What is interesting about this case is the hearing officer’s conclusion that, even though the parents had rejected student’s placement in the substantially separate program, they had not preserved their right to contest student’s lack of inclusion for academic courses. The hearing officer explained that, with few exceptions, parental acceptance of an IEP serves to bar a parent from later claiming that the IEP was inappropriate. In this case, according to the hearing officer, because Natick’s substantially separate program offered various amounts of inclusion depending on each student’s needs, the placement itself did not indicate a specific level of inclusion.

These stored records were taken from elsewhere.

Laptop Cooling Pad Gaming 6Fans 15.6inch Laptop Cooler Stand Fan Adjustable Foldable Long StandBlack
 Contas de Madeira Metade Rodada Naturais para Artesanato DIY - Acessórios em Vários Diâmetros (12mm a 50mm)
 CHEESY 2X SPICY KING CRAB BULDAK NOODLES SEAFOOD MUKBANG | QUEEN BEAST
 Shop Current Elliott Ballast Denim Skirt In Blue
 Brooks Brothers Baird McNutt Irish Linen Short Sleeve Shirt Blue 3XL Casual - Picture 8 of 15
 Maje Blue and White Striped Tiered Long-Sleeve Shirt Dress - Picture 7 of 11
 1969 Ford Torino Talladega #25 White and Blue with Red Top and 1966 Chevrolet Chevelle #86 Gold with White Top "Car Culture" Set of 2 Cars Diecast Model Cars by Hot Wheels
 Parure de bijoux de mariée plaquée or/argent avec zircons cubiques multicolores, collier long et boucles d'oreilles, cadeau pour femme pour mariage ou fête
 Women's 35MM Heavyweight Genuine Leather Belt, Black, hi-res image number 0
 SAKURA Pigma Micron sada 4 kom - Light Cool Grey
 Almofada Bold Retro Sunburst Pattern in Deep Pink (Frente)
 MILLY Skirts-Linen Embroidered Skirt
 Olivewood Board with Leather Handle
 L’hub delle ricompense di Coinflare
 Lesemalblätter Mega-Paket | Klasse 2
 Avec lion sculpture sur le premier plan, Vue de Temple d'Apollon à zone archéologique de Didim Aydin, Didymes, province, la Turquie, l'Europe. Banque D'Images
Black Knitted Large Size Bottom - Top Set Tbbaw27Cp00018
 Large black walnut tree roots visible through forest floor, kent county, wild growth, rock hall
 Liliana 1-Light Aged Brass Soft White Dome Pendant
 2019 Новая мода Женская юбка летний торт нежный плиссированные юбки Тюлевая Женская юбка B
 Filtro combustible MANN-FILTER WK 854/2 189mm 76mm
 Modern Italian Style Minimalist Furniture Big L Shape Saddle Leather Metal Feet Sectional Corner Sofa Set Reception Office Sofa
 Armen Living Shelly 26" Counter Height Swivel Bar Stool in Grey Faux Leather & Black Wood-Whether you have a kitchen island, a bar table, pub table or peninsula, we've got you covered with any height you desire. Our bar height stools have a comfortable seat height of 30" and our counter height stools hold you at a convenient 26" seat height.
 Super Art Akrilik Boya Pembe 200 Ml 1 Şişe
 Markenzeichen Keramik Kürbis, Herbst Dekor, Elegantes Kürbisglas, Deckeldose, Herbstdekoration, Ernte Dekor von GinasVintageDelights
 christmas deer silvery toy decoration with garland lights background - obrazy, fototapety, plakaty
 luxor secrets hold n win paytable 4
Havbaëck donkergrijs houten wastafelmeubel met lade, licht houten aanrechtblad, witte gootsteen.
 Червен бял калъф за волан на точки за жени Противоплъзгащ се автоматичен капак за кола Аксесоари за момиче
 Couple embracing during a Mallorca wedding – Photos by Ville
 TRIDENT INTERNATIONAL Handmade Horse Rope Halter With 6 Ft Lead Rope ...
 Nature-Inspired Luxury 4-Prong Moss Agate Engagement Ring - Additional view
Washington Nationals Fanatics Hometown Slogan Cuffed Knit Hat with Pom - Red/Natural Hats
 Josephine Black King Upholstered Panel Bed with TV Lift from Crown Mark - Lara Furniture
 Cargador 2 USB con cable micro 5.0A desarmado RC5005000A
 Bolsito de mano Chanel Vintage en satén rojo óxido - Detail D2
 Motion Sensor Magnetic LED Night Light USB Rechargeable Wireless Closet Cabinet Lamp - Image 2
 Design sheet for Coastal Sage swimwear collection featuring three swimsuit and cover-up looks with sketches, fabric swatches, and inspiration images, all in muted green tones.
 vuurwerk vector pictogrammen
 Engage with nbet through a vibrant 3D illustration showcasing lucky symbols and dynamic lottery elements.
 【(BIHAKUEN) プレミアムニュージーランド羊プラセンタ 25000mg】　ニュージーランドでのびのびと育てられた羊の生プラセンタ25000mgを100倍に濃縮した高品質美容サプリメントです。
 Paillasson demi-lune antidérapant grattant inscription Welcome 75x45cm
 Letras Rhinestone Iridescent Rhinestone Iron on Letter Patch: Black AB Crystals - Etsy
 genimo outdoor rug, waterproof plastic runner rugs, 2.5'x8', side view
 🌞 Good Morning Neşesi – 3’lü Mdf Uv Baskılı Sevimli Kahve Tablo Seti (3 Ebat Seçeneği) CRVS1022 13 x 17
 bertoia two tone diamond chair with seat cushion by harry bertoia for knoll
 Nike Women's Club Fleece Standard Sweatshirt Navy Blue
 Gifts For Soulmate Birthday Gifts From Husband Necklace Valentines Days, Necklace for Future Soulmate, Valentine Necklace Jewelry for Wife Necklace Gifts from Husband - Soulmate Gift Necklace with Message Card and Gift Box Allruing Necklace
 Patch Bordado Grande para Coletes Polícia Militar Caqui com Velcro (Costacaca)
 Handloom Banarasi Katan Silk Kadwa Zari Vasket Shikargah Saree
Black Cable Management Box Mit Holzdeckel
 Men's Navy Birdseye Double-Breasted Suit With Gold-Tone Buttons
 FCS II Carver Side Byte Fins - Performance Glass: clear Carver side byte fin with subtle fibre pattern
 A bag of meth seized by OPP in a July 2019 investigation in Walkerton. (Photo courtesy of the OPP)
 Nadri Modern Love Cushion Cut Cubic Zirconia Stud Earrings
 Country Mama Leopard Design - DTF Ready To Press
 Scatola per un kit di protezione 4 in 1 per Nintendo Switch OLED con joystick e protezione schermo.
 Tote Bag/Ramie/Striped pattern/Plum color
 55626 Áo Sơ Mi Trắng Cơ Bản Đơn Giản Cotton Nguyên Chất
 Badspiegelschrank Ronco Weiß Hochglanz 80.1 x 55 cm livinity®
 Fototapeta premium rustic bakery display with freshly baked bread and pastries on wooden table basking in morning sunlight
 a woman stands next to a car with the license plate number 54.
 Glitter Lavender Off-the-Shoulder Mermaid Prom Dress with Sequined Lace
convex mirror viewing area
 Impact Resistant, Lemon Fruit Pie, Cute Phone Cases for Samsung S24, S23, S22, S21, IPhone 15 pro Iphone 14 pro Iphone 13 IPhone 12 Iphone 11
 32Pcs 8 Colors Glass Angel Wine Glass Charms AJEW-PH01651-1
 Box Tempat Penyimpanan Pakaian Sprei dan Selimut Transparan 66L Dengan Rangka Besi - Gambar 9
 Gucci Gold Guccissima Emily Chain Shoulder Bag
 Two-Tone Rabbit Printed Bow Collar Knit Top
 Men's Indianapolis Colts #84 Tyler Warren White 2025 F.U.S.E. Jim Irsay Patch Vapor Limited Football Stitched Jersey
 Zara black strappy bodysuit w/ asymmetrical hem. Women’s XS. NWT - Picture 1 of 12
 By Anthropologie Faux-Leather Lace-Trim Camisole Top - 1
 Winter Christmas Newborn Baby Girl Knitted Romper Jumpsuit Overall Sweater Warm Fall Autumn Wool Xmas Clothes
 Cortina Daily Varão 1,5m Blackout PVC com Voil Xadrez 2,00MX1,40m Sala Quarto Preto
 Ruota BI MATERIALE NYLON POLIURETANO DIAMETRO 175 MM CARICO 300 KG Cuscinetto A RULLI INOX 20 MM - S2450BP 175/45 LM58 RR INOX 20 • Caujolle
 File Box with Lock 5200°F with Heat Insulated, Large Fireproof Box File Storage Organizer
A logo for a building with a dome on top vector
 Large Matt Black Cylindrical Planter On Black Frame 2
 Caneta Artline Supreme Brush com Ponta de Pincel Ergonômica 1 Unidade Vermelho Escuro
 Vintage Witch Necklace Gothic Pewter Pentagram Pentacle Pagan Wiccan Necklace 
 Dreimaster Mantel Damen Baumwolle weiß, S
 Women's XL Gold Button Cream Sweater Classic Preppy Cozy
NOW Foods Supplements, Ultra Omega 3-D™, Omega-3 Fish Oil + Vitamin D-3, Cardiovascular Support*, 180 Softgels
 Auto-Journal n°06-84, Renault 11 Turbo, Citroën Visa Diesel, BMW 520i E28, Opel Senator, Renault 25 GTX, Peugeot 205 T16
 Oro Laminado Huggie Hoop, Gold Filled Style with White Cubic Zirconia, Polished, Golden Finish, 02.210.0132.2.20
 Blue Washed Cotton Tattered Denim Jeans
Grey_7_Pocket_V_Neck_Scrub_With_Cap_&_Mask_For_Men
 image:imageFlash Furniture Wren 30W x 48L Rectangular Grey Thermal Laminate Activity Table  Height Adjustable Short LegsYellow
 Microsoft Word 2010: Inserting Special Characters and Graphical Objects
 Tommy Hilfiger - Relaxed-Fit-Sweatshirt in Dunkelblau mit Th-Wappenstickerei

Rather than rejecting the placement, parents would have needed to reject that portion of each IEP that proposed the student would receive science and social studies instruction in the substantially separate classroom. The hearing officer also ruled against the parents because they failed to demonstrate that the IEPs Natick proposed for fifth grade were unreasonable, based on the information available to the Team at the time each program was proposed.

While parents do need to be careful to reject any portions of an IEP they determine to be inappropriate (both in terms of services and placement), in this case Natick was fully aware that parents had rejected the placement was because of the lack of inclusion. If the purpose of a rejection is to put the district on notice of a parent’s disagreement with all or part of an educational plan, was not that accomplished by the parents in this case? They told the Team at least four times that they did not agree with Natick’s decision to keep student in a substantially separate program, and there did not seem to be a dispute that Natick was aware of the reasons for the disagreement. This case serves as a warning, however, that when parents disagree with portions of a proposed program, they should use the “accept in part, reject in part” option when responding to the IEP. Accepting the IEP and rejecting the placement is not the same thing and, as in this case, may not preserve their rights.

Two Denials Of Joinder

The BSEA considered two motions for joinder during this quarter. Both were denied. In Justice Resource Center, BSEA #11-0520, 17 MSER 32 (2011), the hearing officer denied the parent’s motion to join the Office of the Commissioner of Probation (“OCP”) because the hearing officer concluded that the BSEA lacked jurisdiction over that entity. InLittleton Public Schools, BSEA #11-3309, 17 MSER 26 (2011), the hearing officer denied without prejudice the motions of two districts to join the Department of Children and Families (“DCF”), finding the motions premature.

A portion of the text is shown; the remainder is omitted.